L’observatoire français de la SEP : l’OFSEP.

La France est le pays européen le plus investi de la SEP.

L’équipe lyonnaise a créé une banque qui a recueilli des données de patients ; cela permet un suivi individuel des patients mais aussi le suivi d’une cohorte de patients, ce qui donne des indications très intéressante sur l’évolution et la prise en charge de la maladie.

Cette base s’est diffusée dans toute la France.

Elle comprend

–     l’ensemble de la maladie du patient et de sa thérapeutique

–     l’évolution des traitements testés et donc une source impartiale sur l’amélioration apportée par ces traitements

–     une source sure avec des données de qualités à présenter pour obtenir des financement pour les Centres Experts (ex suivi de 14 000 patients en Franche-Comté avec forme de la maladie, traitement, évolution en fonction du traitement).

Le maillage se fait peu à peu, à travers tous les professionnels hospitaliers mais aussi les neurologues de ville.

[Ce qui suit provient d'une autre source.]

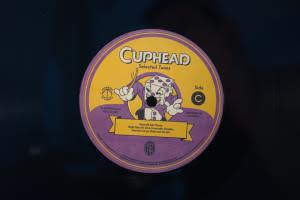 Cuphead ''Don't Deal With the Devil'' (2xLP Vinyl Soundtrack) (10)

Vous voyez que nous voulons construire l’avenir et rester au top en Franche-Comté.


II. NOUVEAUTE DANS LES TRAITEMENTS DE FOND DE LA SEP .

La SEP est une maladie avec inflammation focale et multifocale qui se manifeste par les poussées et les plaques visibles à l’IRM (qui rendent compte des gaines attaquées par les cellules auto immunes).

Mais il y a aussi une composante neurodégénérative qui rend compte de la souffrance du nerf.

Il faut faire la part entre les 2 phénomènes.

En effet, dans les formes rémittentes (avec poussées) ou les formes progressives, il y a bien les 2 phénomènes mais avec un peu plus de l’un ou de l’autre.

Les premiers traitements connus agissent sur l’inflammation (qui se manifeste par les poussées et l’apparition des plaques).

Les nouveaux traitements cherchent plutôt une activité sur la neurodégénerescence.

– Souvenez-vous au début le traitement était la cortisone, qui agissait que sur l’inflammation.

– Puis on a vu arriver les interférons (ex la copaxone)…

– Ces 10 dernières années ont vu le jour les anticorps monoclonaux Fingolimod (Gilenya*) et Natalizumab (Tysabri*). Ces 2 molécules permettent une diminution des poussées, du handicap résiduel et de l’apparition de nouvelles plaques.

– Aujourd’hui, il y a aussi les nouveaux médicaments par voie orale : le diméthyl fumarate (Tecfidura*)et le tériflunomide (Aubagio*). Leur tolérance et leur efficacité sont conforme à ce qui était prévu. On a pu le constater grâce aux données de la base !

D’autres traitements sont à l’étude :

–     rituximab : actif sur les formes rémittentes mais aussi transitionnelles (avant les formes secondaires)

–     des anticorps monoclonaux : daclizumab

Aujourd’hui il y a aussi une grosse dynamique sur les traitements anti-inflammatoires. Ils sont de plus en plus forts et limitent les poussées, les plaques et le handicap résiduel. (On rejoint ici les traitements de la rhumatologie).

Par contre avec les anticorps monoclonaux il y a des risques : le tecfidera et le fingolimod entraînent une diminution des globules blancs (ceux qui viennent attaquer le cerveau et la moelle dans la SEP)… cela peut permettre à des infections de se développer : c’est pourquoi il faut bien évaluer ces traitements.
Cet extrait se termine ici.